Member of the Kansas House of Representatives from the 22nd district
- Incumbent
- Assumed office January 11, 2021
- Preceded by: Nancy Lusk

Personal details
- Born: Overland Park, Kansas, U.S.
- Party: Democratic
- Education: University of North Carolina at Chapel Hill (BA)

= Lindsay Vaughn =

American politician

Lindsay Vaughn is an American politician serving as a member of the Kansas House of Representatives from the 22nd district. Elected in the November 2020, she assumed office on January 11, 2021.

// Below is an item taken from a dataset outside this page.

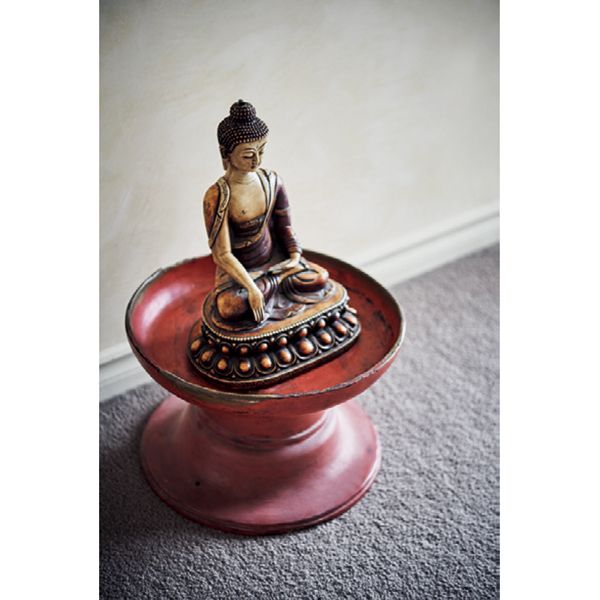ブータンで買った仏像と、タイで買った赤い台。好きなものが明確だと、旅の思い出を部屋に置いてもぴたりとはまります。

== Early life and education ==
Vaughn was born in Overland Park, Kansas, and graduated from Blue Valley Northwest High School. She earned a Bachelor of Arts degree in political science and cultural anthropology from the University of North Carolina at Chapel Hill.

== Career ==
Vaughn has worked as a volunteer coordinator for Literary KC. In 2018, she was a field organizer for Sharice Davids. She was also the chair of the Johnson County Young Democrats. She worked on the campaigns of state representatives Brett Parker and Brandon Woodard.

Vaughn was elected to the Kansas House of Representatives in November 2020 and assumed office on January 11, 2021.

She has led efforts to protect groundwater in Kansas by endorsing legislation to curtail pumping in the state. She has also sponsored legislation to abolish Capital punishment in Kansas.